Sécurité alimentaire mondiale
La sécurité alimentaire otage de la production d’engrais

La flambée des prix des fertilisants vulnérabilise la production agricole. L’industrie des engrais est en partie pilotée par la Biélorussie et la Russie, des pays sur les bancs de la scène internationale.

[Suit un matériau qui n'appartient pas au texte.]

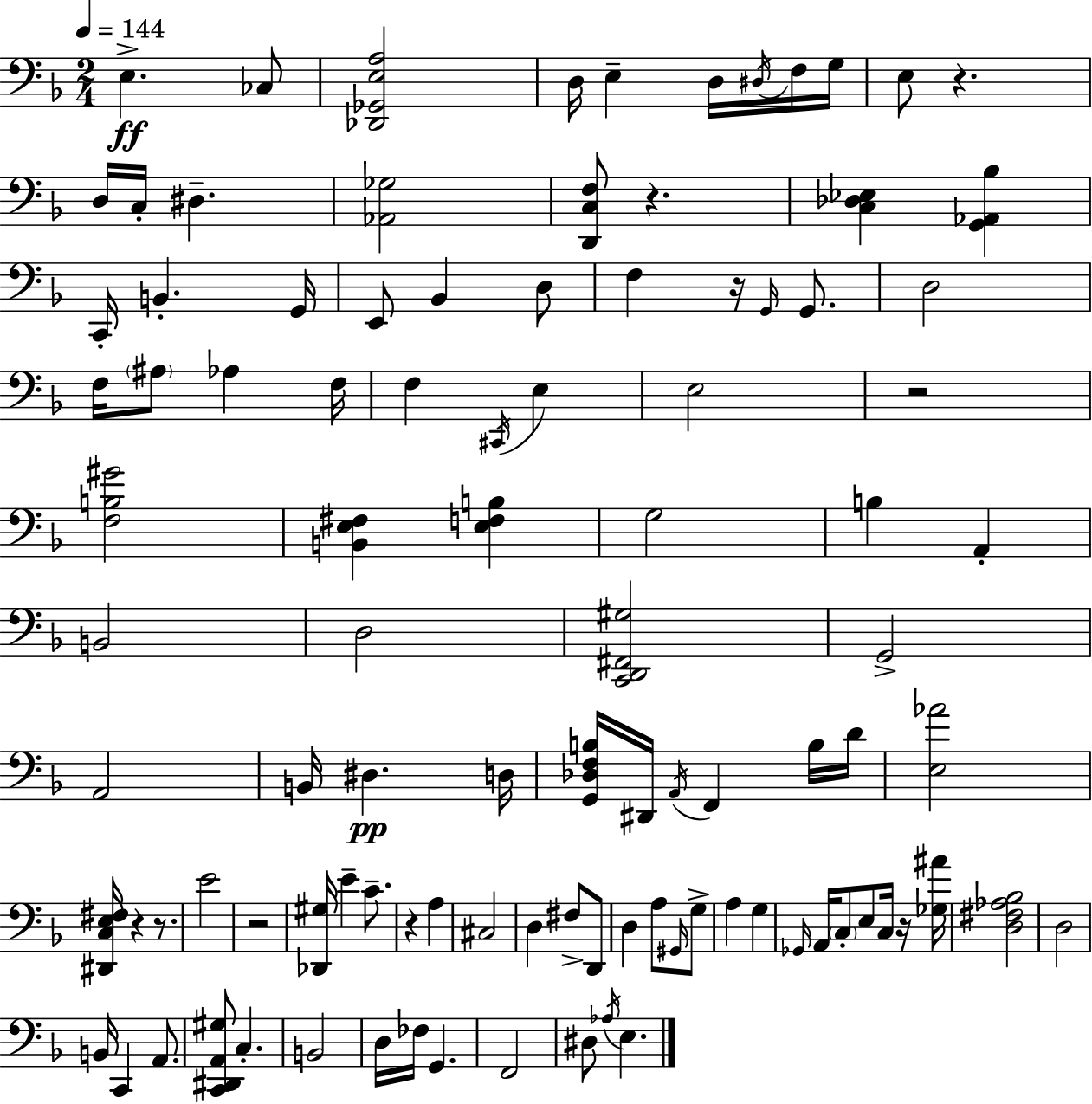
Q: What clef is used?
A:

La sécurité alimentaire otage de la production d’engrais

Pendant deux années de suite, la consommation mondiale de fertilisants des sols a diminué de près de 8 % selon l’International Fertilzer Association (IFA) qui participait au Paris Grain Day fin janvier à Paris. Or les quantités d’engrais, qui n’ont pas été épandues l’an passé, auraient pu permettre de produire 216 trillions de calories, soit l’équivalent de 2,5 % de la production mondiale de blé, de riz, de maïs et de soja. Une part significative de la production agricole en Ukraine, en pleine guerre, n’a pas pu être produite car bien moins d’engrais qu’à l’accoutumée a été épandu. A contrario, en Russie et en Australie, la production agricole n’a pas été entravée puisque les deux pays sont producteurs et exportateurs nets d’engrais. Dans le même temps, dans le reste du monde, les pays ont sacrifié une partie de leur souveraineté alimentaire en renonçant à la course aux rendements ou tout simplement à une partie de leur production.

Trois pays clefs

La flambée des prix des engrais a en effet contraint leurs agriculteurs à acheter moins de fertilisants. L’an prochain, la consommation mondiale d’engrais devrait se redresser de près de 3,0 % à la faveur d’une baisse des prix des engrais et de l’énergie. Pourtant, moins d’engrais devraient être utilisés qu’en 2020 ! Et la relance de la demande n’est pas à ce jour acquise, même si la baisse de prix des fertilisants et de l’énergie devait se poursuivre. Les céréaliers parviendraient à couvrir leurs charges si les prix des grains restaient à leur niveau de l’été dernier.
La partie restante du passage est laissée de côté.